The parties dispute whether, for purposes of applying Covered Risk 2, an encumbrance (i.e., an easement) is a title defect. Defined broadly, "[a] title defect is a claim or interest that is inconsistent with the title purportedly transferred," so an encumbrance is considered a title defect. Dahlmann , 291 Wis. 2d 156, ¶¶14-15, 715 N.W.2d 609. Defined narrowly, a "title defect" is "an insufficiency ... in the records by which the title is proven" (such as a forgery or an inaccurate legal description), whereas "[a]n encumbrance is any right of a third person in real property that diminishes the value of the insured's title but does not prevent the passing of the interest." Joyce Palomar , 1 Title Insurance Law § 5.5 (2021 ed.). Thus, under the narrower definition, an encumbrance is distinct from a title defect. The Policy reflects this view, in that Covered Risk 2 distinctly and separately addresses losses stemming from title defects, liens, and encumbrances. We note that "[c]ourts tend to use the terms ["title defect," "lien," and "encumbrance"] loosely and interchangeably in cases pertaining to title insurance coverage." See id. Moreover—as we explain further in Section II—we do not decide whether or which provision of Covered Risk 2 in fact provides an initial grant of coverage because we conclude that Schedule B excepts coverage. Accordingly, we do not further address the parties’ arguments on this issue.

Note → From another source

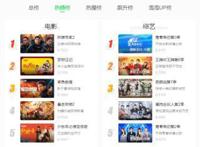 2021年初热剧《赘婿》热播榜第一：精良的原创音乐功不可没！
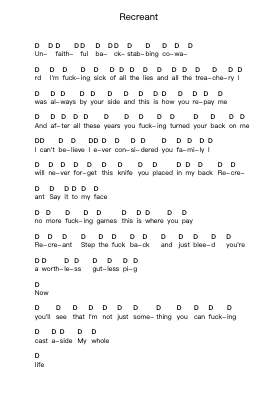 Recreant Piano letter notes by Chelsea Grin - Arr.Felnah Puvien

¶18 In contrast, a title insurance commitment or title binder is an offer of title insurance. NIELSEN , TITLE ESCROW CLAIMS GUIDE § 6.1; see also Greenberg v. Stewart Title Guar. Co. , 171 Wis. 2d 485, 488, 492 N.W.2d 147 (1992) ("A title commitment is a document which describes the property as the title insurer is willing to insure it and contains the same exclusions and general and specific exceptions as later appear in the title insurance policy."). Thus, the Coxes’ Commitment states that it "is a contract to issue one or more title insurance policies."
¶19 Generally speaking, the commitment merges with the policy when the policy is issued, precluding a cause of action under the commitment. NIELSEN , TITLE ESCROW CLAIMS GUIDE § 6.2. The Coxes’ Commitment reflects this fact, stating that "[a]ll liability and obligation under this Commitment shall cease and terminate ninety (90) days ... after the effective date [of the Commitment] or when the policy ... committed for shall issue, whichever first occurs." Likewise, the Coxes’ Policy states that liability is limited to the Policy and that the Policy, together with any endorsements, constitutes the entire contract between the Coxes and WFG.
By its terms, the Commitment does create some potential liability on WFG's part, but limited to specified types of actual losses—not at issue here—that the insured reasonably incurs in reliance on the Commitment before the Policy is issued.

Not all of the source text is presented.